Turnout, which was slow at first, picked up slightly as Saturday's vote progressed, said Rita Makarau, chairwoman of the Zimbabwe Electoral Commission.
Both Mugabe's ZANU-PF and the rival Movement for Democratic Change of Prime Minister Morgan Tsvangirai are backing the charter.
The new constitution would set a maximum two five-year terms for the president, starting with the next election, expected in the second half of this year.
The limit would not apply retroactively, however, so Mugabe could rule for another two terms.
School teacher Petronella Dzikiti said she voted in favour of the new constitution, in part because it would introduce presidential term limits.
"We don't want a situation like we have today, where some of us knew one leader as a child who remains there when we are grown-ups," the 36-year-old said outside a polling station in Chitungwiza, near the capital.
The new charter would also beef up parliament's powers and allows for more democratic reforms that would punish perpetrators of human rights violations.
However, Tendai Biti, the third ranking official in Prime Minister Morgan Tsvangirai's party, said political intimidation continued into the vote.
Biti said the arrest of a senior provincial official for the Movement for Democratic Change party by Mugabe's loyalist police on Saturday casts doubt on the prospect of free and fair elections slated for around July.

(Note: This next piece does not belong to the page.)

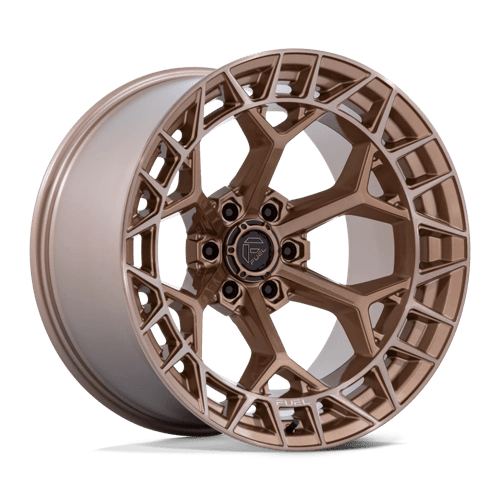 Fuel 1PC FC873 CHARGER 22X10 PLATINUM BRONZE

An independence war veteran tells Al Jazeera that the referendum for him represents a 'second liberation'
Sampson Magunise, the party official in eastern Zimbabwe, was seized by four armed police before referendum polling stations opened across the country. No reasons for his arrest were given.

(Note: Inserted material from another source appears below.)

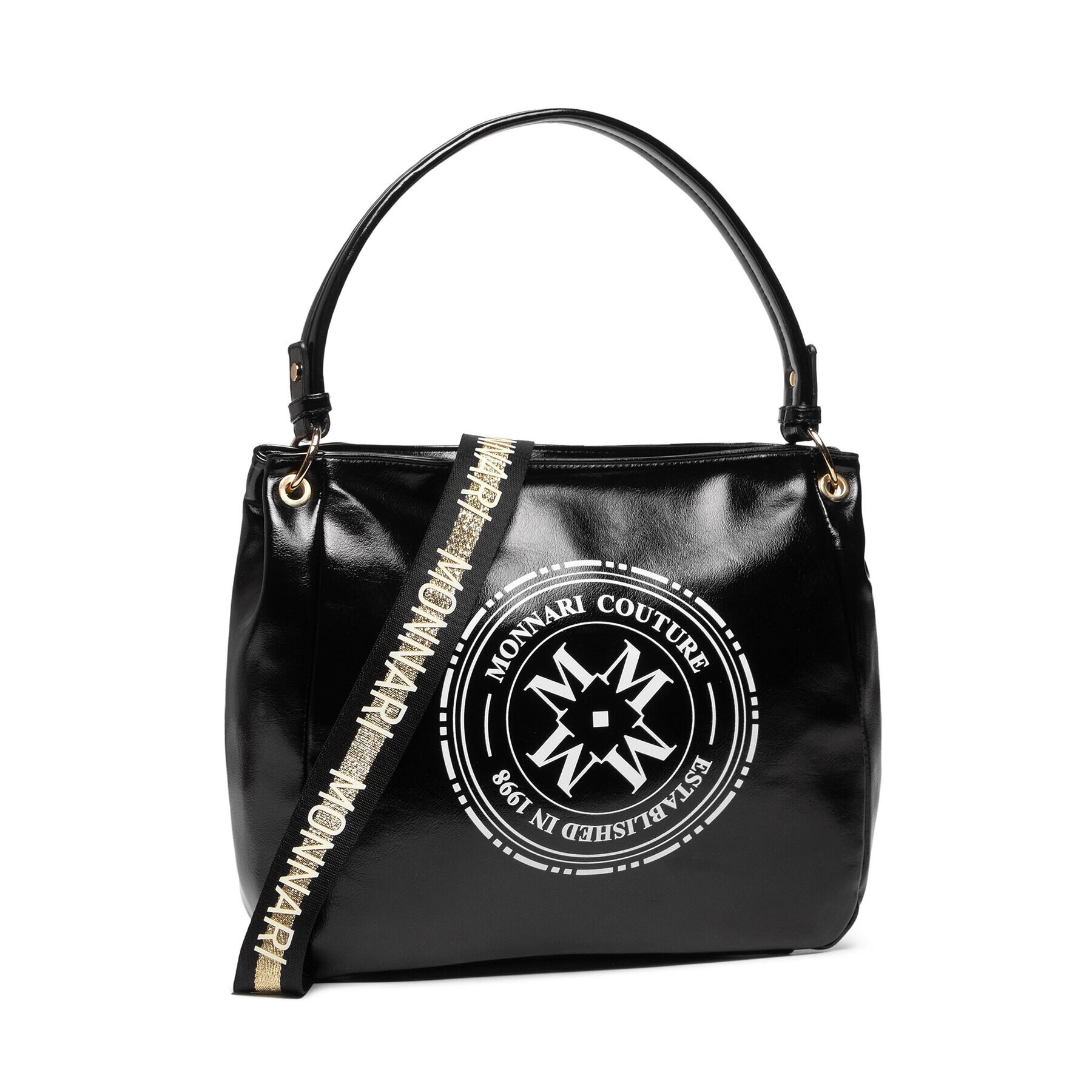 Monnari Дамска чанта BAG0250-020 Черен - Pepit.bg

"This is illegal and unacceptable but it is typical of the environment we are living in,"' Biti said.
Magunise's arrest followed attacks on four party's supporters putting up referendum posters in the northern town of Kariba and scuffles between rival youth groups in Harare and the second city of Bulawayo on Friday.
Past elections have been marred by violence and alleged vote rigging blamed mostly on Mugabe's party.

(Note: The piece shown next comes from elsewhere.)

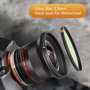 Walimex pro UV-Filter Slim Super DMC 62mm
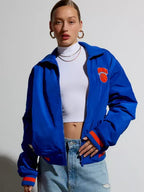 New York Knicks Bomber Jacket Women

These ballots, said Al Jazeera's Haru Mutasa, reporting from Harare, are seen as "a dry run, testing the processes ahead of the presidential election".
While casting his vote on Saturday, Mugabe urged Zimbabweans to ensure the referendum proceeded peacefully.
"You can't go about beating people on the streets, that's not allowed, we want peace in the country, peace, peace," he said.
Mugabe and Tsvangirai were forced into a power-sharing government as a political crisis followed the disputed 2008 election. At least 180 people were killed in the unrest, and there are widespread fears that this year's election might bring a return to bloodshed.
Official results of the referendum are expected to be released within five days of the vote.